Your task ::
Transcribe the whole listing exactly; the images stay out.
BEGIN
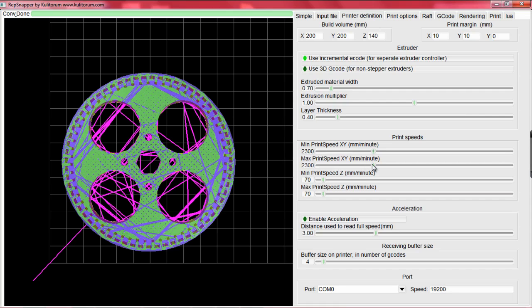For the Z motor speeds, the range is smaller, around 120 to 140 mm per minute for a Prusa printer, and about 70 to 90 mm per minute for a sales printer.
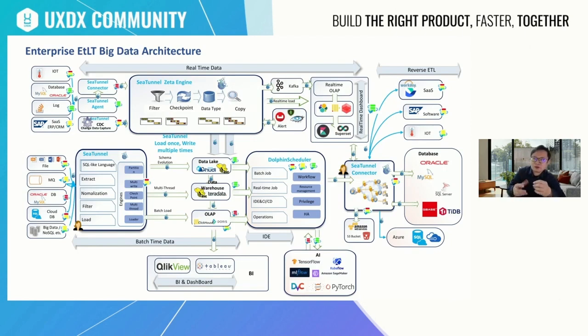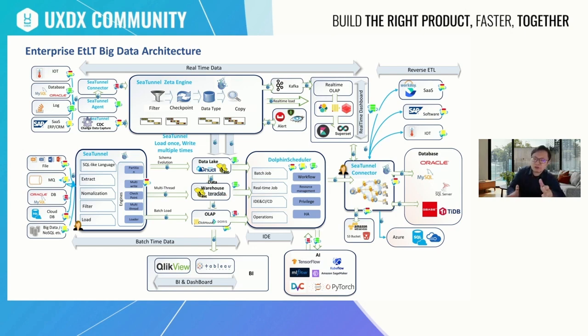For a small company, you can use this big data architecture to build a very easily used big data application.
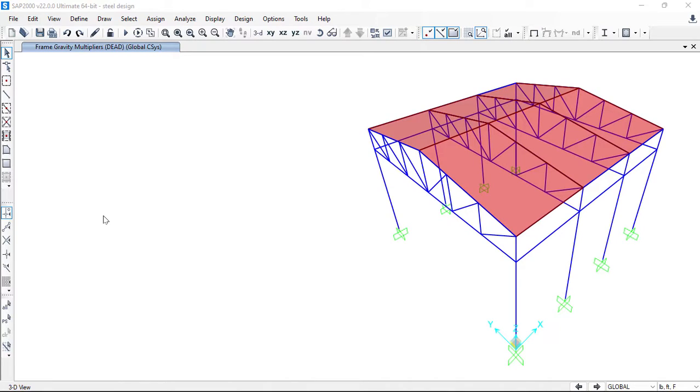Hello everyone, once again welcome to SAP2000 beta tutorial. In this video we'll see how to assign distributed frame load.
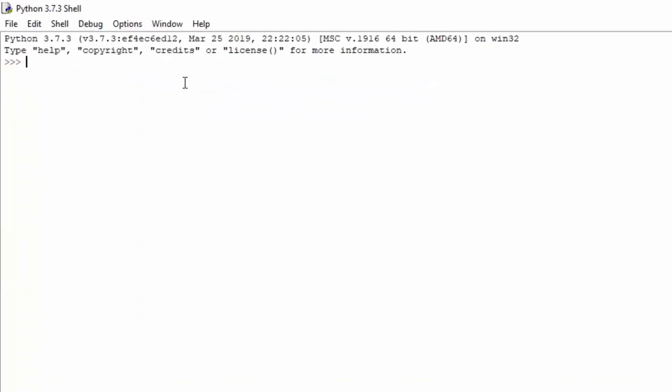So if you just type here if, you can see it already gets flagged as a word that comes in Python, so it already gets color. What this basically does is it will look like this: if something, now of course we don't have variable something, but we'll just use it for demonstration purposes. If something equals to something, colon, then you need to tab the next line, as you can see it tabs by default, do something.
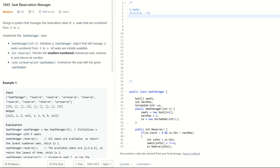We have a constructor here: initialize the SeatManager object that will manage n seats numbered from 1 to n. So there are n seats which are numbered from 1 to n. Another condition is all seats are initially available, so when you initialize the SeatManager, all seats are available — none of them are reserved.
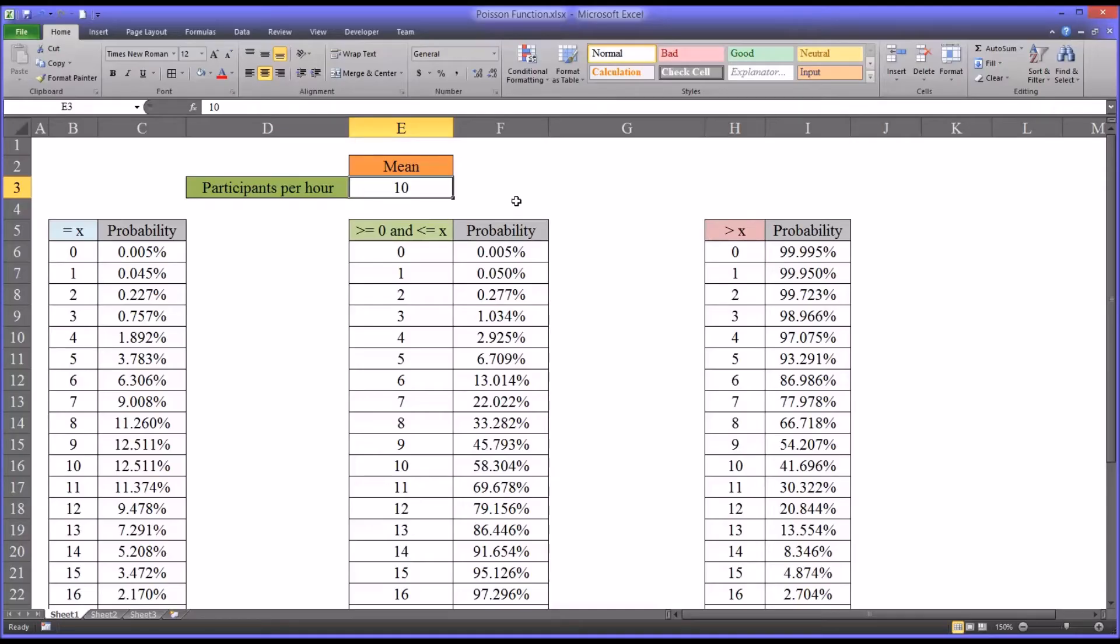Hello, this is Dr. Grande. Welcome to my video on how to use the Poisson function in Microsoft Excel.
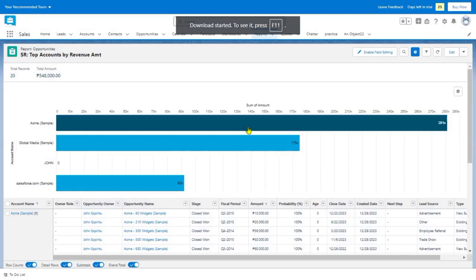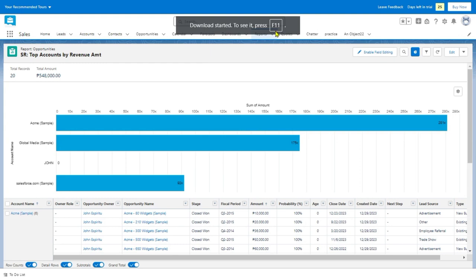There you have it. That's about it. That's how to export a report in Salesforce.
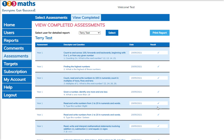If it was correct there will be a tick. If it was incorrect, the answer that they gave will be shown, and you can then print this report also.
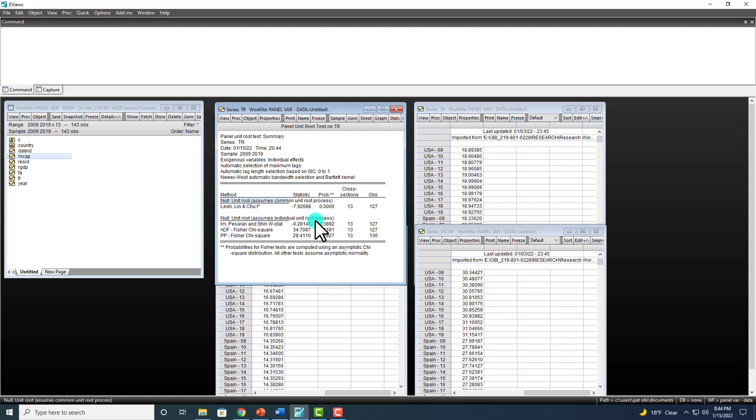And here we reject that null hypothesis that series is non-stationary. However, observe that the rest of them do not reject it. So usually when you have mixed results like this, you want to go with the majority.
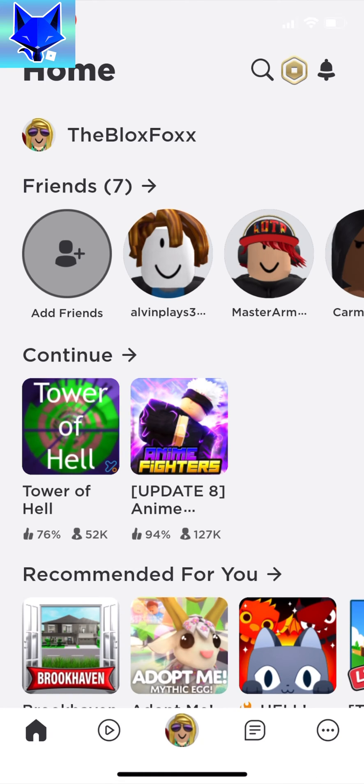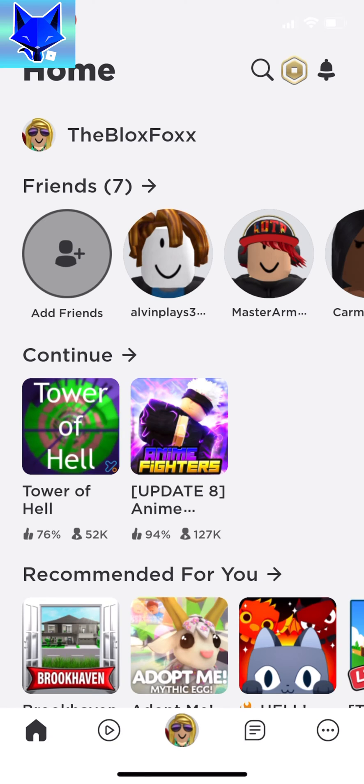When you are on the home screen of Roblox, tap the three dots button from the bottom right. Scroll down and tap settings.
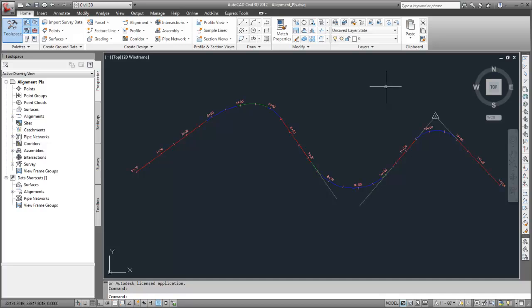At the other curves, the tangents do not intersect. The point at which the tangents would intersect, if they were extended, is known as an implied point of intersection.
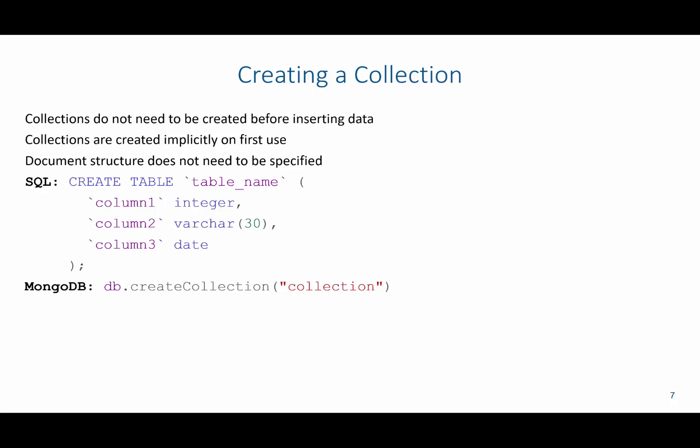So as you can see here in this slide, to create a SQL table, we'd say create table, the name of the table, and then each one of the columns with their specified domain specifications. Now in MongoDB, if we wanted to create a collection separate from just inserting the documents, we can just say db.createCollection, and then the name of the collection in parentheses and quotes.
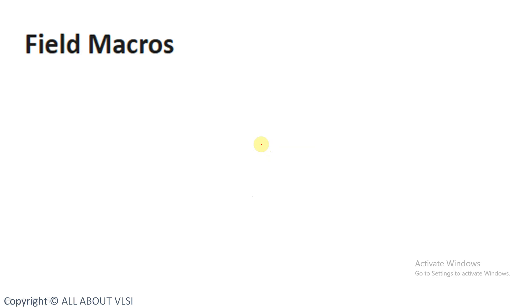Hello all, welcome back to my YouTube channel all about VLC. In this video we are going to discuss about field macros in UVM. So what are these field macros in UVM?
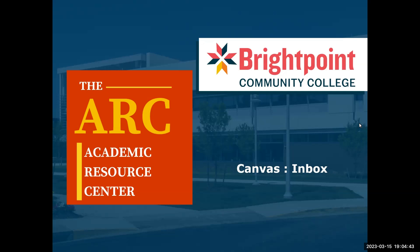Hello everyone, my name is Cameron. I'm a lead tutor here in the ARC and today we will be going over how to use the Canvas Inbox feature.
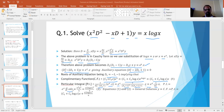Replacing z with log(x) and e^z with x, the particular integral becomes x·(log x)³/6. Combining equations 1 and 2, the general solution is y = (c₁ + c₂·log x)·x + x·(log x)³/6.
END
Exercise result ::
For the Z motor speeds, the range is smaller, around 120 to 140 mm per minute for a Prusa printer, and about 70 to 90 mm per minute for a sales printer.
For a small company, you can use this big data architecture to build a very easily used big data application.
Hello everyone, once again welcome to SAP2000 beta tutorial. In this video we'll see how to assign distributed frame load.
So if you just type here if, you can see it already gets flagged as a word that comes in Python, so it already gets color. What this basically does is it will look like this: if something, now of course we don't have variable something, but we'll just use it for demonstration purposes. If something equals to something, colon, then you need to tab the next line, as you can see it tabs by default, do something.
We have a constructor here: initialize the SeatManager object that will manage n seats numbered from 1 to n. So there are n seats which are numbered from 1 to n. Another condition is all seats are initially available, so when you initialize the SeatManager, all seats are available — none of them are reserved.
Hello, this is Dr. Grande. Welcome to my video on how to use the Poisson function in Microsoft Excel.
There you have it. That's about it. That's how to export a report in Salesforce.
If it was correct there will be a tick. If it was incorrect, the answer that they gave will be shown, and you can then print this report also.
And here we reject that null hypothesis that series is non-stationary. However, observe that the rest of them do not reject it. So usually when you have mixed results like this, you want to go with the majority.
When you are on the home screen of Roblox, tap the three dots button from the bottom right. Scroll down and tap settings.
At the other curves, the tangents do not intersect. The point at which the tangents would intersect, if they were extended, is known as an implied point of intersection.
So as you can see here in this slide, to create a SQL table, we'd say create table, the name of the table, and then each one of the columns with their specified domain specifications. Now in MongoDB, if we wanted to create a collection separate from just inserting the documents, we can just say db.createCollection, and then the name of the collection in parentheses and quotes.
Hello all, welcome back to my YouTube channel all about VLC. In this video we are going to discuss about field macros in UVM. So what are these field macros in UVM?
Hello everyone, my name is Cameron. I'm a lead tutor here in the ARC and today we will be going over how to use the Canvas Inbox feature.
Replacing z with log(x) and e^z with x, the particular integral becomes x·(log x)³/6. Combining equations 1 and 2, the general solution is y = (c₁ + c₂·log x)·x + x·(log x)³/6.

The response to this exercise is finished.